### Exercise data:
+===+

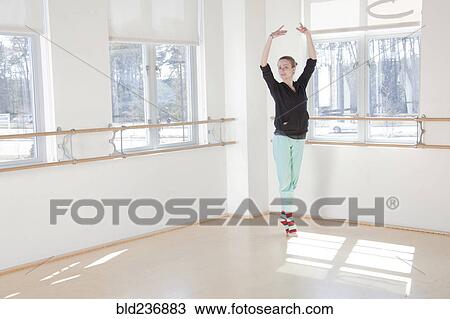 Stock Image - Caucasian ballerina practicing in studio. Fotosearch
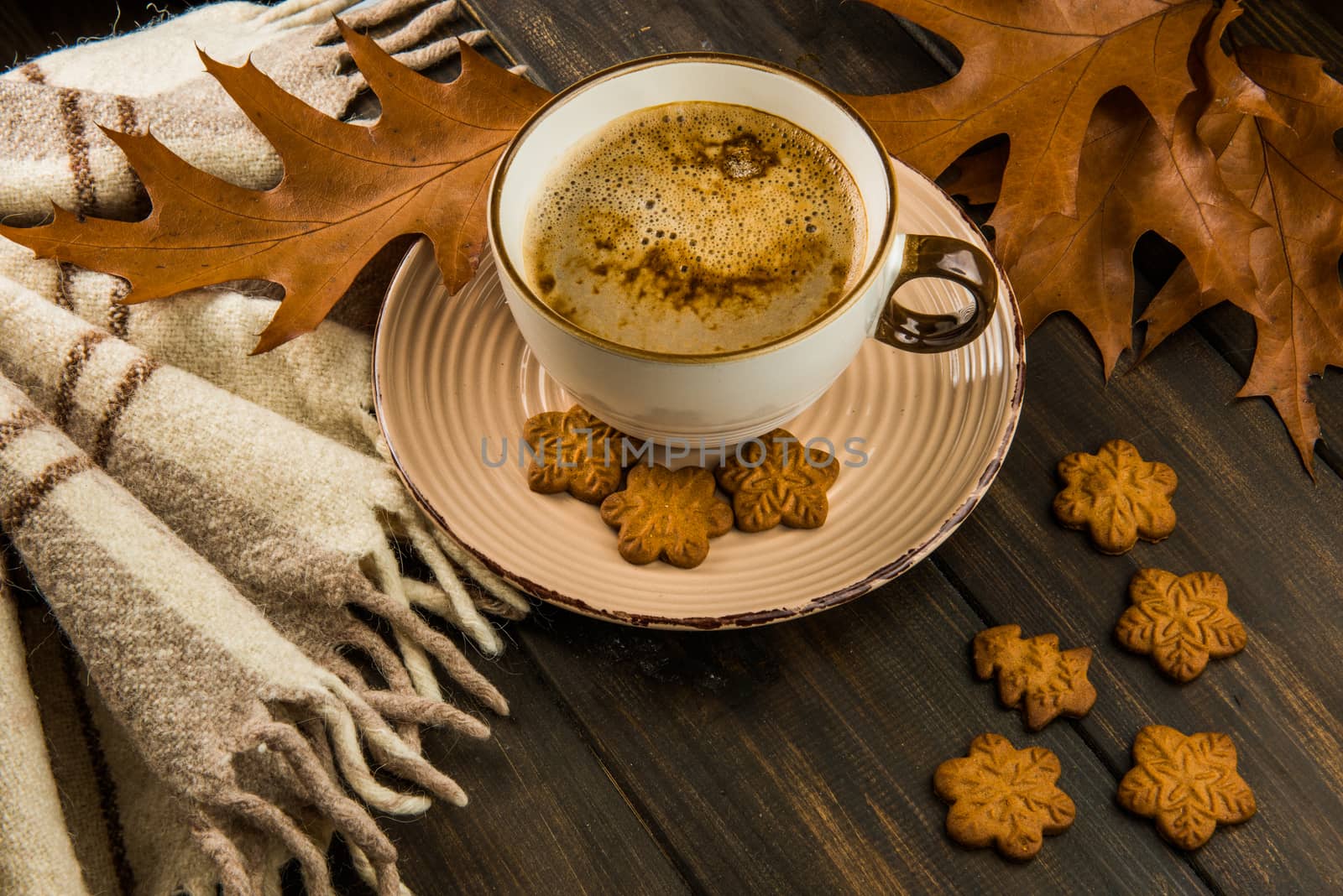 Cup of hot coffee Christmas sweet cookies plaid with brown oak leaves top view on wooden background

+===+

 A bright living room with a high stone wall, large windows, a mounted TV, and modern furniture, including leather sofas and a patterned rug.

+===+

### Task item:
Look back over the records above. Reproduce exactly everything from the line with "Stock Image - Caucasian" down to the line with "Cup of hot coffee", inclusive, and leave the pictures out.

### Written solution:
 Stock Image - Caucasian ballerina practicing in studio. Fotosearch
 Cup of hot coffee Christmas sweet cookies plaid with brown oak leaves top view on wooden background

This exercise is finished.